Maybe we could move C further away, so that A became closer? Among other problems with this, this also no longer preserves the distance between A and C. (There are also an infinite number of points between A and C, and B being closer to any of those points isn't any better.)
What about B? Could we move it closer to A? When we move B closer to A, our inner circumference gets bigger to reach B. Again, we distort the inner/outer circumference, and AB doesn't become the shortest path until B gets all the way on top of A.
What if instead of using a trapezoid, we curved our circumferences? As we curve them, AB gets smaller as BC gets larger. How much curvature would we need to get this right? Exactly as much as it takes to make our original cylinder. We can curve the lines to fix the problem, but now it's no longer any mapping at all.
What's that mean for 3D printing? It means that any mapping of this sort will have to involve compression and/or stretching to roll your flat shape up into a cylinder. There is no way to preserve distances with this mapping.

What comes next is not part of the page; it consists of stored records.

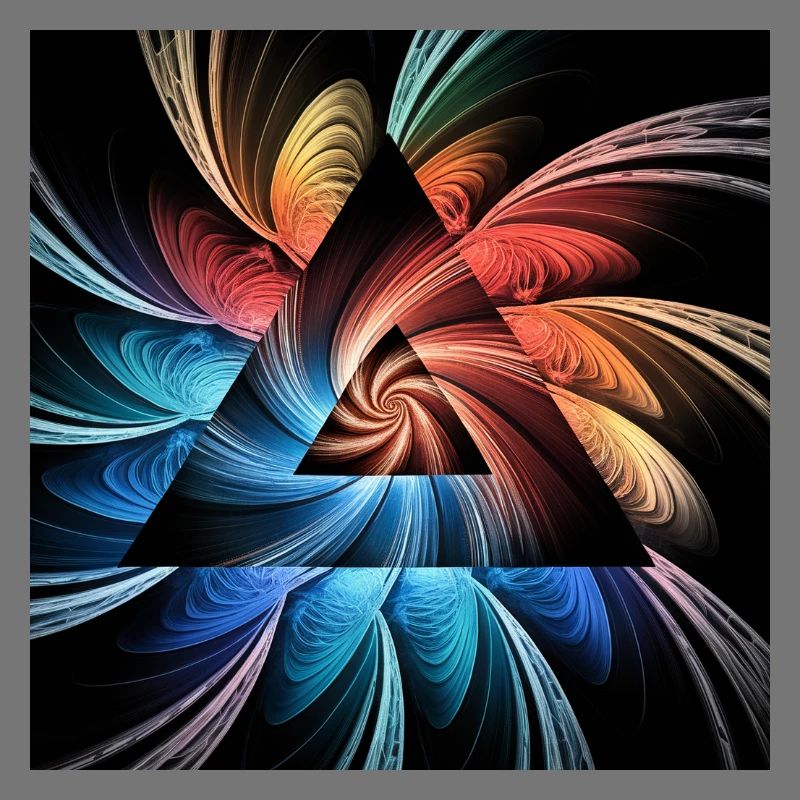 The Vibrant Triangle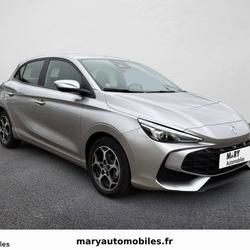 MG MG3 MG3 1.5 L Hybrid+ 195 ch Comfort Le Havre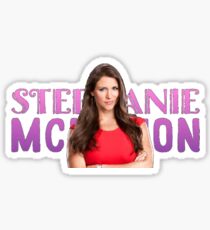 Stephanie McMahon Sticker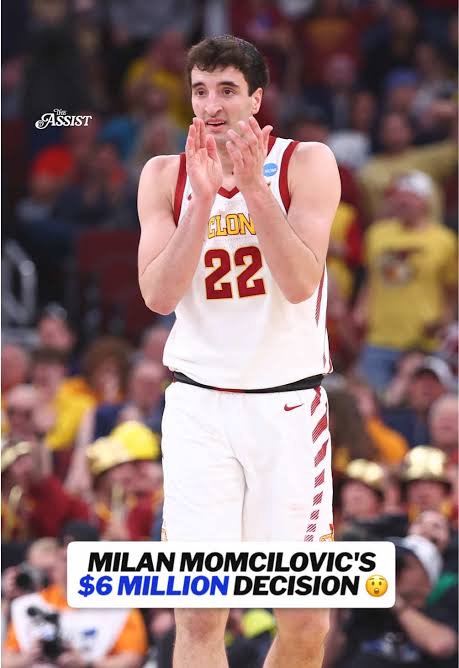 Milan Momcilovic Made One Comment That Has Kentucky Fans Celebrating EARLY — But Nobody Expected This Twist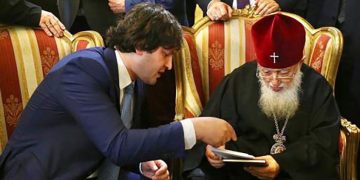 დედაეკლესიას ნეობოლშევიკური იდეოლოგიით ნაკარნახევი თავდასხმებისგან დავიცავთ – კობახიძე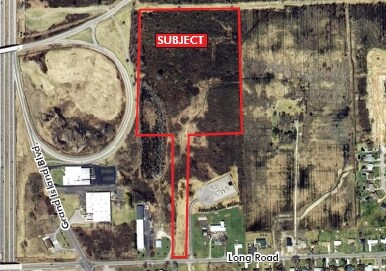 2487 Long Rd, Grand Island, NY for sale - Primary Photo - Image 1 of 1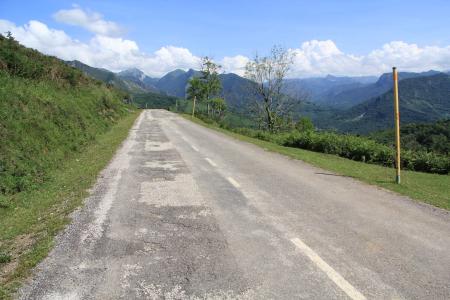 Collada de Arnicio 908 m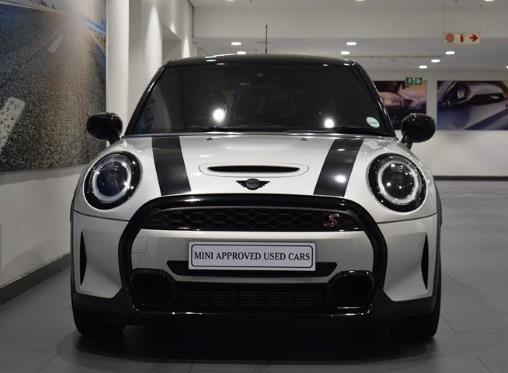 2022 MINI Hatch Cooper S  5-Door for sale - 02T44733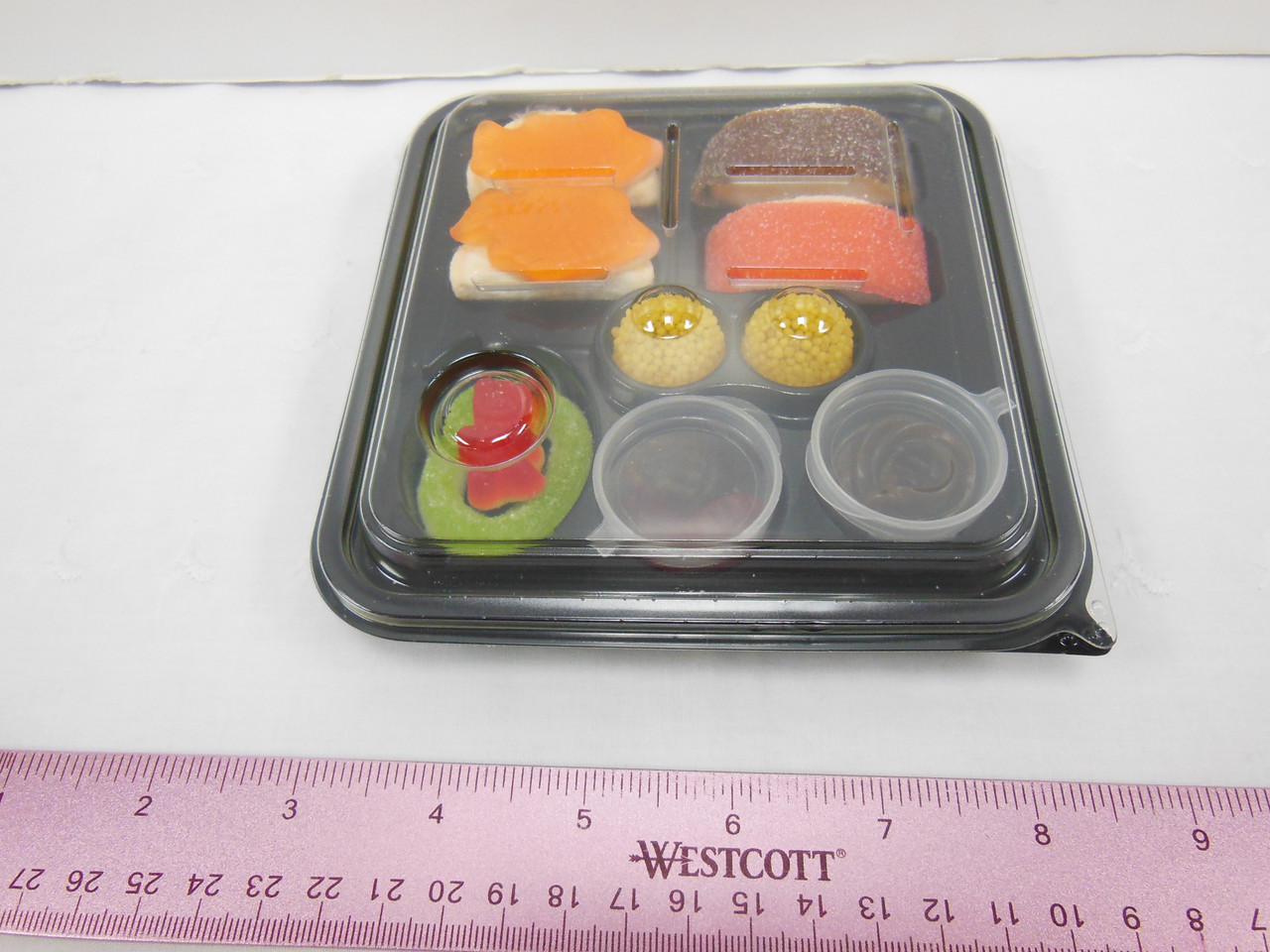 Raindrops - Mini Gummy Sushi, 1.4 oz.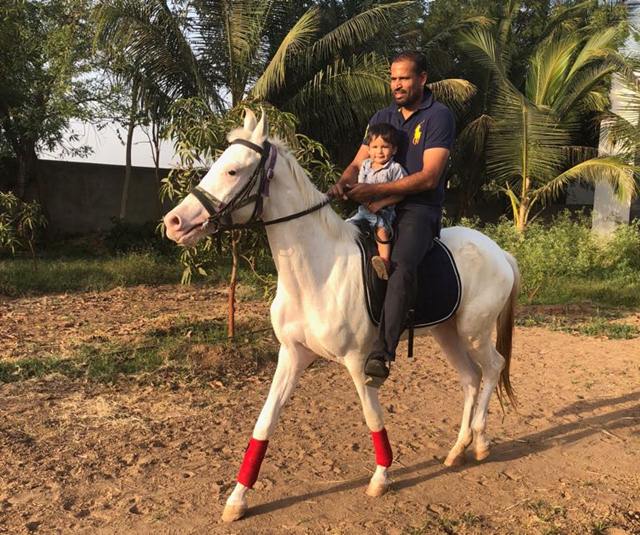 Yusuf Pathan
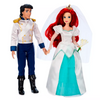 Set Muñecas de Bodas Ariel y Eric – La Sirenita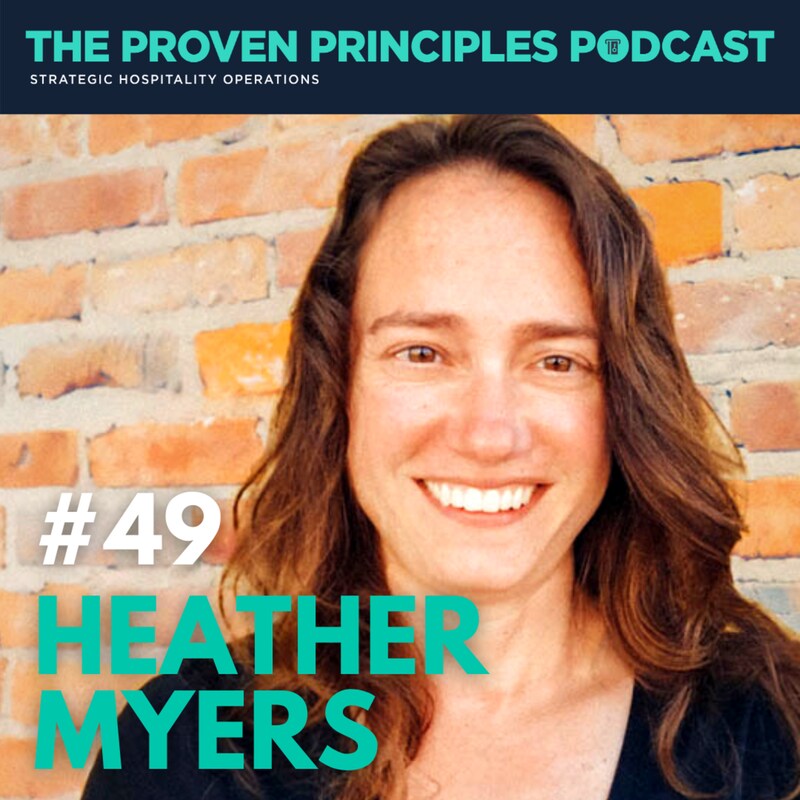 Artwork for podcast The Proven Principles Hospitality Podcast
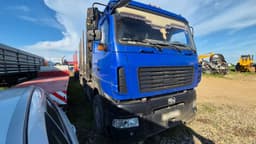 МАЗ 631228 6x4 Сортиментовоз с ГМ - 2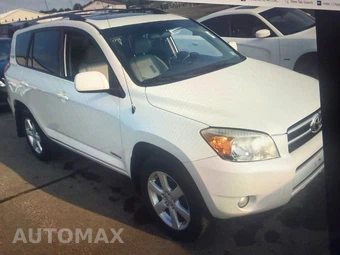 2008 Toyota RAV4 Limited - miniatura 2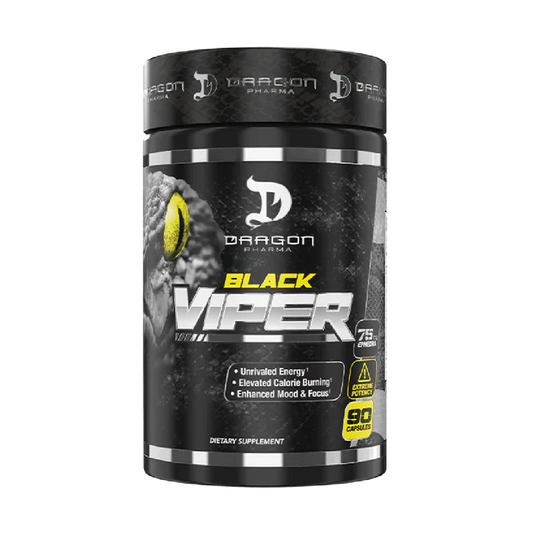 BLACK VIPER DRAGON PHARMA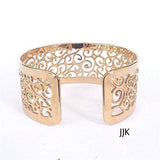 Dainty Rose Gold Cuff Bracelet, Interlaced Spirals Jewelry, Rose Gold Bracelet, Dainty Rose Gold Bracelet, Modern Cuff, Modern Jewelry Packaged and Ready for Gift Giving, Handmade in Israel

Are there any mappings that can do this without distortion? There kind of is, but it's not much like your image, and it's also not possible in the real world. Just as in UV mapping we make tradeoffs between seams and distortion, we can make tradeoffs here. We can add more seams, at which point distortion decreases. But those seams need to cut through the volume. Your cross section would start by looking like this:
The inner and outer circumference reach the same bounds. The inner circumference is shorter only by virtue of the triangular cutouts.
That's not enough density of cuts to do a distortion free mapping, but it's a start. When you have a box with an infinite number of these cutouts, each infinitely thin, you have a distortion free mapping. That "infinity" is why it's not possible in reality. Again, this is a lot like UV mapping a sphere. We can get a distortion free unwrap, but only when we've seamed nearly every edge, and even then, only because it's not a real sphere, just a sampled sphere (and indeed, if we are working with a sampled cylinder, we could get away with a finite number of cutouts, depending on our sampling.)
But I don't think that mapping is very practical for 3D printing-- even sampled, our outer circumference has points (lines, in 3d) where it is infinitely thin-- and it's certainly not the mapping you had in mind.